Earlier this week, I weighed in on the NCAA tournament with my data-influenced picks, and now the experts have crunched the numbers and are weighing in with their purely objective picks. If you haven’t filled out your bracket, you might want to read this.

generic_mbasketball_stan

Earlier this week, I weighed in on the NCAA tournament with my data-influenced picks, and now the experts have crunched the numbers and are weighing in with their purely objective picks. If you haven’t filled out your bracket, you might want to read this.

Rothschild's picks.

I’m focusing on info from Yahoo, whose David Rothschild based his predictions on info from Betfair and PredictWise, and the New York Times, whose Nate Silver has his own round-by-round model for picking favorites. Yahoo says it can predict the outcomes of events with a 3 percent margin of error, while the Times model performed very well in the early rounds last year but was thrown for a loop in the upset-heavy later rounds.

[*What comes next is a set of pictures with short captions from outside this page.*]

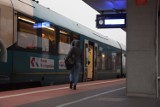 Bilet kolejowy na trasie Wągrowiec-Poznań. Jak kupić go aktualnie online? Nie działa popularna strona 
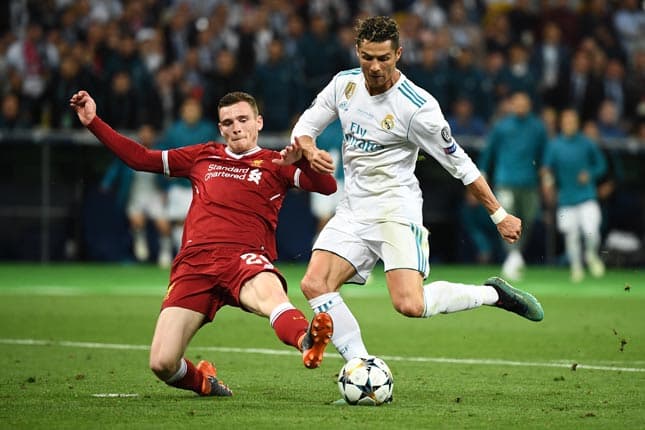 Cristiano Ronaldo e Robertson - Real Madrid x Liverpool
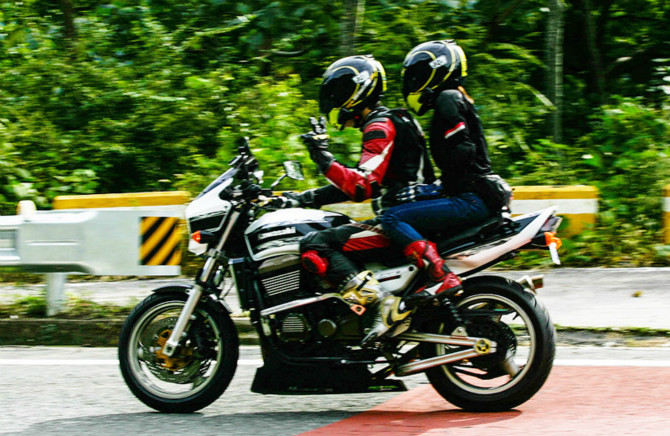 kawasaki ZRX1200R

Here are some key takeaways:

  • Kentucky is the odds-on favorite no matter whose model you choose. Yahoo gives it a 26.9 percent chance of winning it all, while the Times gives it a 26.4 percent chance.
  • Both models have Kansas as the fourth most-likely winner, although they swap Ohio State and North Carolina at No. 2 and No. 3 spots.
  • Silver says the No. 16 teams are better than they have been in years, but that still doesn’t make them likely to win a game.
  • If you want to pick a first-round upset, Silver’s model says it’s 11-seed North Carolina State in the Midwest region, with a 59.8 percent chance of winning.
  • Of the teams seeded fifth or worse in their regions, both models have Vanderbilt in the East region as a good Cinderella pick to make a deep run, but Silver’s model also likes 5-seed New Mexico and 8-seed Memphis in the West region.
  • The models are actually pretty close through the top 10 favorites to win the tournament, with one glaring exception — Florida State. It doesn’t make Silver’s top 10 (in fact, his model gives it a 0.9 percent chance), but Rothschild has it in the No. 7 spot with a 5 percent chance.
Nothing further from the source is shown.